We look forward to seeing you all very soon!

Wednesday, January 07, 2009

Here's some pictures of Seth Michael Bouma. He was 6 pounds even with a full head of hair. He's having x -rays later today to see if he's broken his clavical bone from the "speedy delivery," - apparently a common sort of thing to happen. Otherwise, everyone is doing fine. I'm taking the kids up tonight to see Cara and their new little brother.

Exciting times to say the least!

Waiting to Push

We are sitting at the hospital as I write this, waiting for the doctor to come in so that Cara can finally start pushing. Unlike most times, this time we had enough time to get an epideral to help with the pain of labor.

Updates will follow.

Friday, January 02, 2009

My New Year's Goals

Most of the time, I'm dead set against making any sort of New Year's Resolutions. Yes, I've done it and like most, I've not lived up to them very well. The problem with resolutions - especially once they are verbalized - is that others will soon remind you how you've so quickly fallen off of the wagon. The main reason we fail, as I see it (and have experienced it), is that we're not truly passionate about it. We really haven't bought into what we are attempting to do (or not do). Yes, we can trick ourselves into being passionate about exercising for a season, but if we're really not wired to exercise in the manner we've chosen, many of us will slowly fade back into our previous way of living.

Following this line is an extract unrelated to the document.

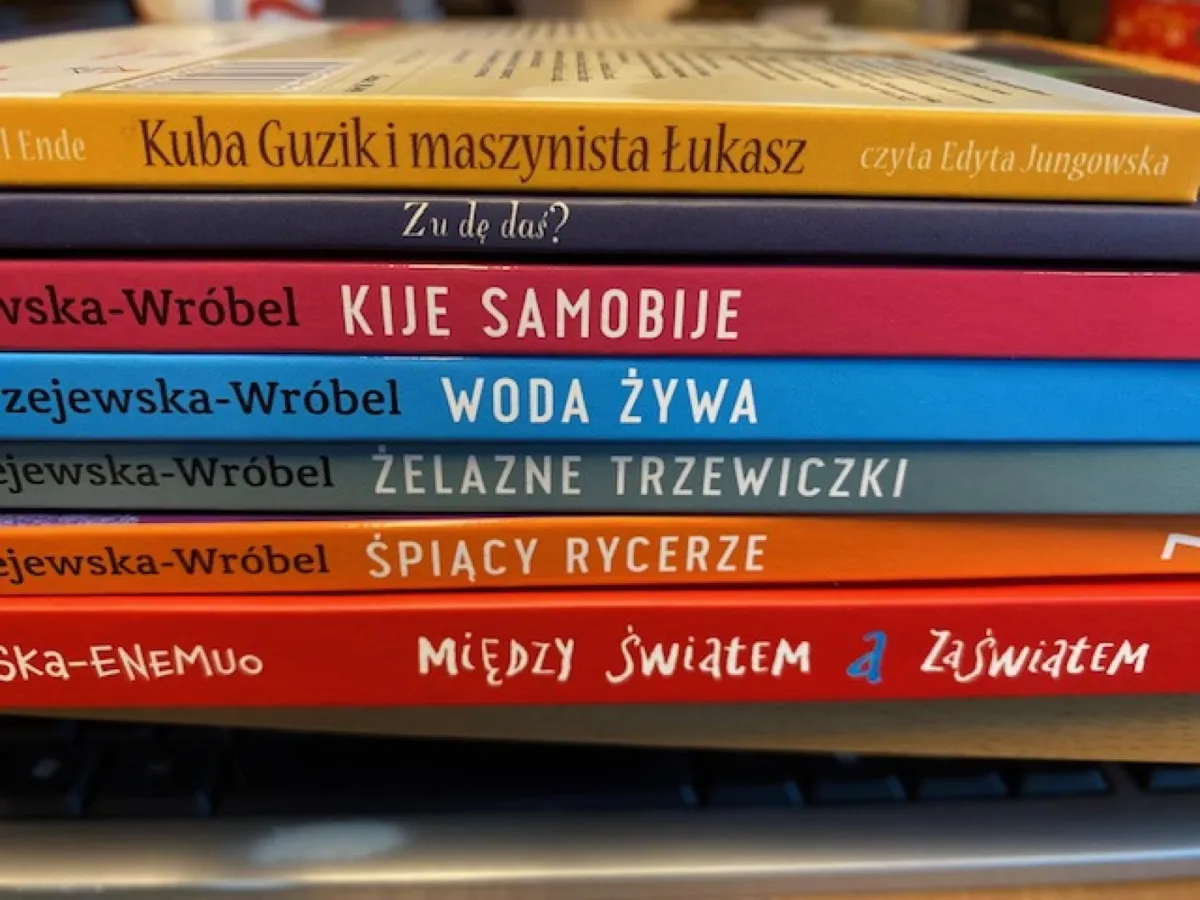 O niezwykłym tłumaczeniu, baśniach, zaświatach i Kubie Guziku. Alfabet 5.02.23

A couple of years ago, someone graciously purchased our family a 6 month membership at the local YMCA. It was very kind and considerate and we used it early and often as a family. However, as our 6 months was coming to an end, our collective desire as a family to go swim and go exercise began to wane. It just wasn't us. Our kids would rather play basketball, football, baseball (any sport) outside in our yard as opposed to going to the local gym to do so. I would much rather play softball with a bunch of guys (as I did and still hope to continue) than get up at 6 AM to go lift some weights by myself.

All this to say, don't make resolutions you know in your heart of hearts you'll never keep. Set goals instead. If it's to lose weight, find a way you can lose weight that fits who you are. If you love video games, go get the Wii and the Wii fit game and go for it. If you like pick up basketball, find a local league to be part of where you can get your weekly dose of exercise. If you simply need to eat less food, find a unique way that allows YOU to eat less food.

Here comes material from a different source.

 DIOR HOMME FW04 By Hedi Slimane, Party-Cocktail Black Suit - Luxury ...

I have many things I'd like to do this year but they aren't resolutions. They're goals or dreams that I have that I hope to achieve. Here's a couple of them that I have and maybe you'd like to have as well. If nothing else, perhaps they'll get you started on coming up with your own unique set of goals.

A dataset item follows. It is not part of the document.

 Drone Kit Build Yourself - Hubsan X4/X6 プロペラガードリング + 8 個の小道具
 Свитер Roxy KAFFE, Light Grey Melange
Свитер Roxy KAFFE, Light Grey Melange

Read more ~ I feel like I really slacked in this area in 2008 so I want to set some acheivable reading goals for this year.

Listen more ~ I don't listen very well, quite frankly. I need to listen more to God and I need to be a better listener to my wife and kids.

Write more ~ I really love to write but haven't done a whole lot of this lately. One of my goals this year is to write a short story and get it published somewhere.